More than three decades ago, Phoenix, Arizona was shaken by the brutal murders of four members of the Luna family, crimes committed by a man named Richard Djerf. Now 55 years old, Djerf has been living on death row for nearly thirty years, and his execution by lethal injection has been scheduled for October 17.
The events go back to 1993, when Djerf grew obsessed with revenge after accusing Albert Luna Jr. of stealing from his apartment. Instead of targeting him directly, Djerf went after the entire Luna household in a way that was both cruel and calculated.
Disguising his true intentions, he entered the family’s home by pretending to deliver flowers. Once inside, he unleashed a horrifying attack. He sexually assaulted 18-year-old Rochelle before cutting her throat.
He then turned on her father, Albert Sr., beating him with a metal baseball bat, stabbing him, and shooting him. Patricia, Albert’s wife, was also killed. The youngest victims, five-year-old Damien and his older sister Rochelle, were tied to kitchen chairs and shot at close range. In just a short span of time, an entire family was wiped out in one of the most disturbing crimes Arizona had ever seen.
Djerf later pleaded guilty to four counts of murder. Prosecutors argued that he was consumed by rage and had turned his anger toward innocent people. He was sentenced to death in 1996, and since then, he has been living under the shadow of execution, spending decades thinking about what he did.
As his execution date nears, Djerf has released a handwritten statement. In the note, he expressed regret for the pain he caused and wrote that if he could not find a reason to spare his own life, no one else would have a reason to do so either. He went on to say that he hoped his death might bring some level of peace to those who had suffered because of his actions. He also mentioned Albert Luna Jr., stressing that the man he originally blamed was never at fault for what happened, and that nothing that occurred should ever have been tied to him.
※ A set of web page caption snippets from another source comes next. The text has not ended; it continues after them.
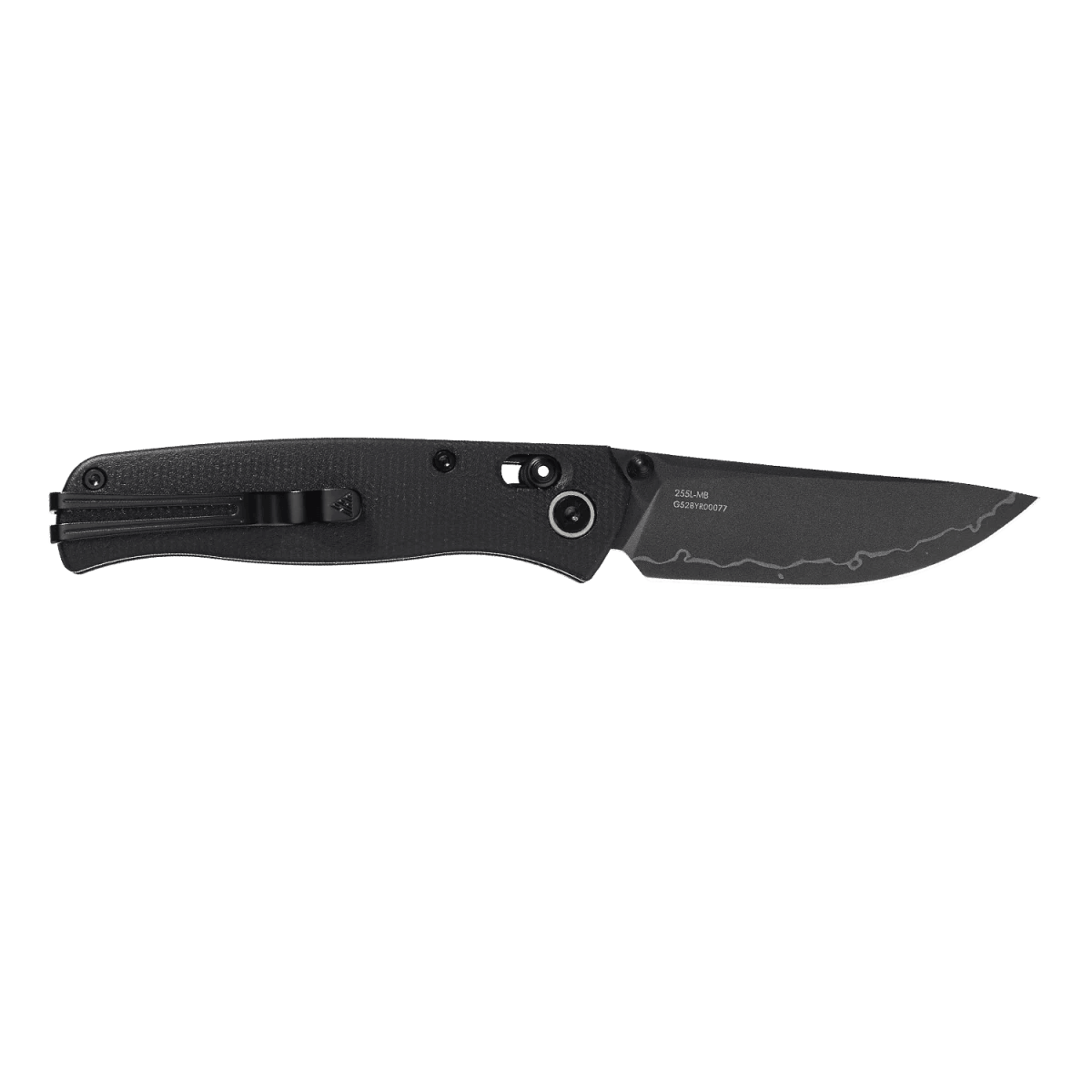 EDC pocket knife Medal 255L-MB - Laminated 140Cr steel blade and Micarta handle - SRM Knives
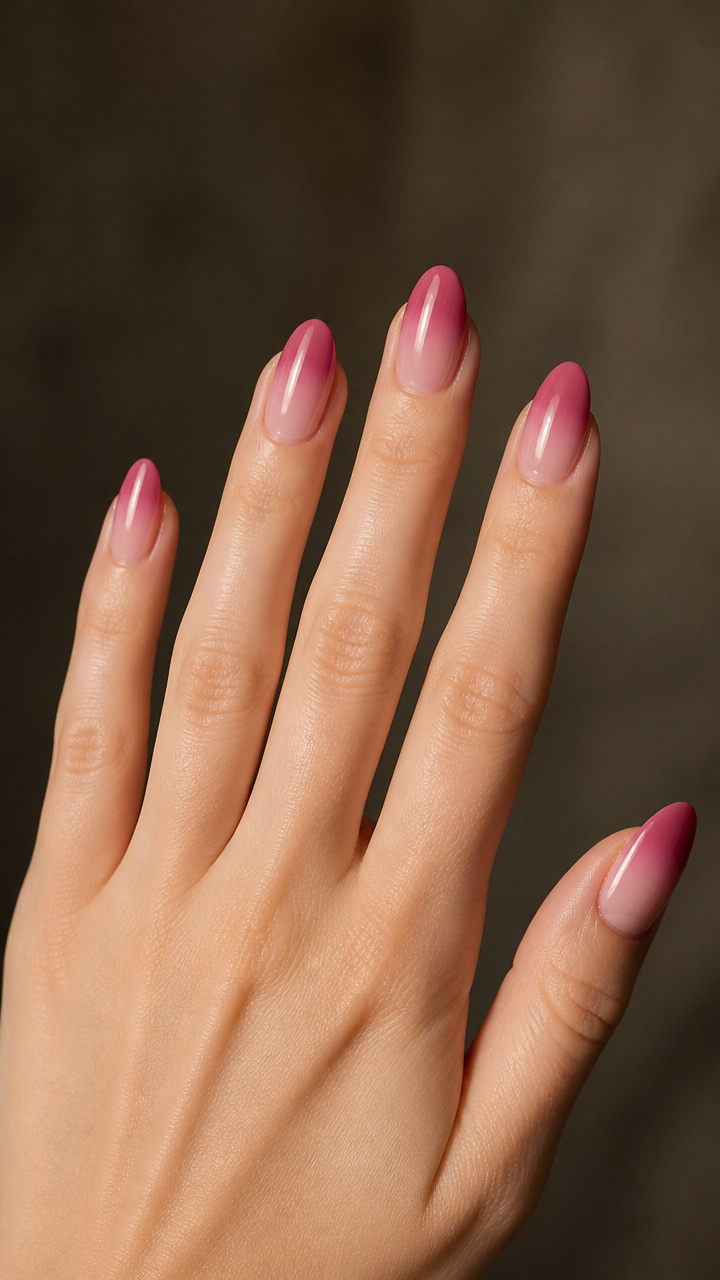 Ombré Rose Quartz to Deep Raspberry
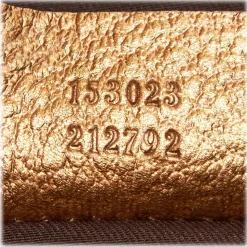 Gucci Vintage - Metallic Leather Horsebit Crossbody Bag - Gold - Leather Handbag - Luxury High Quality - Avvenice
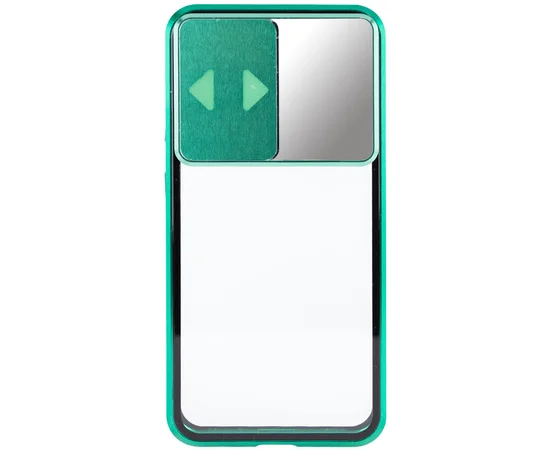 Чехол Camshield 360 Metall+Glass со шторкой для камеры для Samsung Galaxy S20 Зеленый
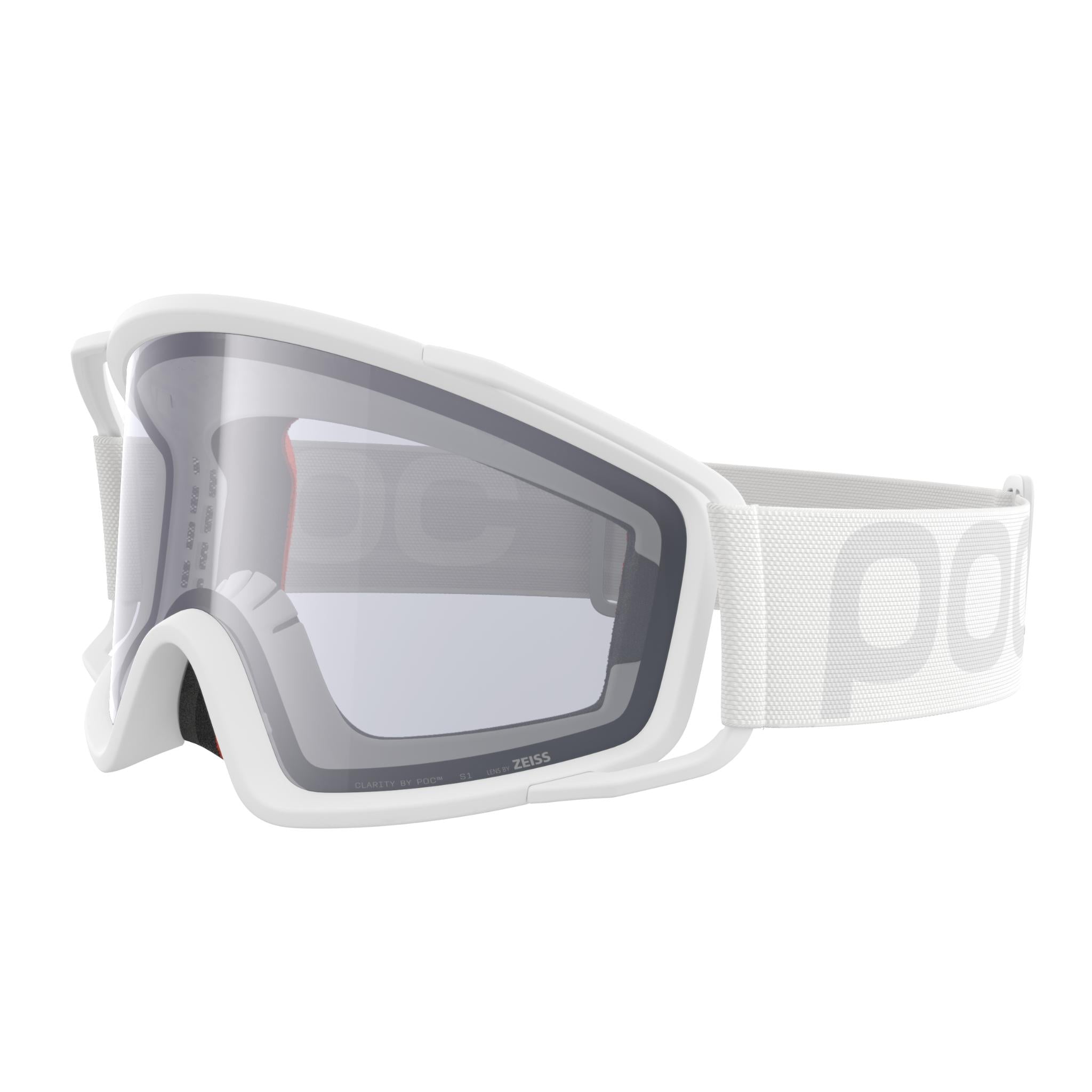 Zygon Goggles Hydrogen White/Clarity Universal/Cloudy Grey / One Size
Arizona, where executions are rare but still carried out, last put someone to death in March 2023, when inmate Aaron Brian Gunches was executed. With Djerf’s upcoming death, the number of people still on death row in the state remains high, with around 108 inmates waiting for their sentences to be carried out.
In another recent case highlighting America’s death penalty system, Florida executed a man named David Joseph Pittman just days ago. Pittman had been convicted in the early 1990s for killing his ex-wife and her parents. Unlike Djerf, who confessed and apologized, Pittman never admitted guilt. Even in his last words, as the lethal injection drugs were about to be administered, he declared that he was innocent and that those watching were witnessing the state kill a man who had committed no crime.
His legal team had fought to stop the execution, arguing that Pittman was intellectually disabled, pointing to an IQ score of 70, which according to the American Psychiatric Association falls into the range of intellectual disability. They argued that executing him would go against the Eighth Amendment of the U.S. Constitution, which prohibits cruel and unusual punishment. Despite these appeals, the execution went ahead, closing a case that had lasted more than thirty years and leaving lingering questions about guilt, justice, and the limits of the death penalty.
Both the story of Richard Djerf in Arizona and David Pittman in Florida highlight not only the horror of violent crimes and the long shadow they cast over families and communities, but also the way the American justice system wrestles with punishment, remorse, innocence claims, and the moral weight of the death penalty.